Step 2. Call method GenerateAllCandidateSet (or equivalent operators) for the model instance to generate candidate sets. The algorithm is stated in Appendix A of our paper. A code file named NestedLogitTester.cpp demonstrates how to do this.
Step 3. Create an instance of NestedLogitSolver and bind your NestedLogitModel instance to it. Then use NestedLogitSolver::SolveDisjoint or NestedLogitSolver::SolveJoint to obtain optimal expected revenue. NestedLogitTester.cpp is a reference. If you want an optimal assortment, you can see how to use NestedLogitSolver::GetOptimalAssortment in Demo.cpp.

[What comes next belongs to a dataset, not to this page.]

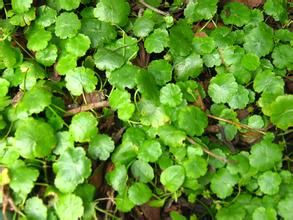 中緬天胡荽 中緬天胡荽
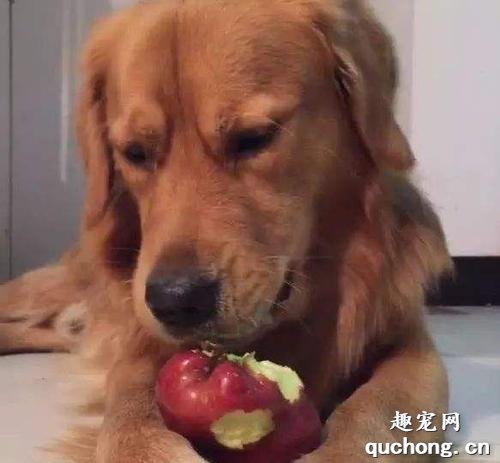 狗吃苹果有什么好处?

Note that an independent FractionalSolver can be used to solve the fractional programming problem seperately.
The problems are also applicable for directly solving linear programming, so we also prepare a CPLEX interface in NestedLogitCPLEXInterface.cpp and you can see how to call it in NestedLogitTester.cpp. If you want to have a comparison, please link your CPLEX solver yourself and add
#define _USE_CPLEX
to this code before your compilation to activate the functions in NestedLogitCPLEXInterface.cpp.
[1] Gallego G., and Topaloglu H. 2014. Constrained assortment optimization for the nested logit model. Management Science 60(10): 2583-2601.
[2] Feldman J. B., and Topaloglu H. 2015. Capacity Constraints Across Nests in Assortment Optimization Under the Nested Logit Model. Operations Research 63(4): 812-822.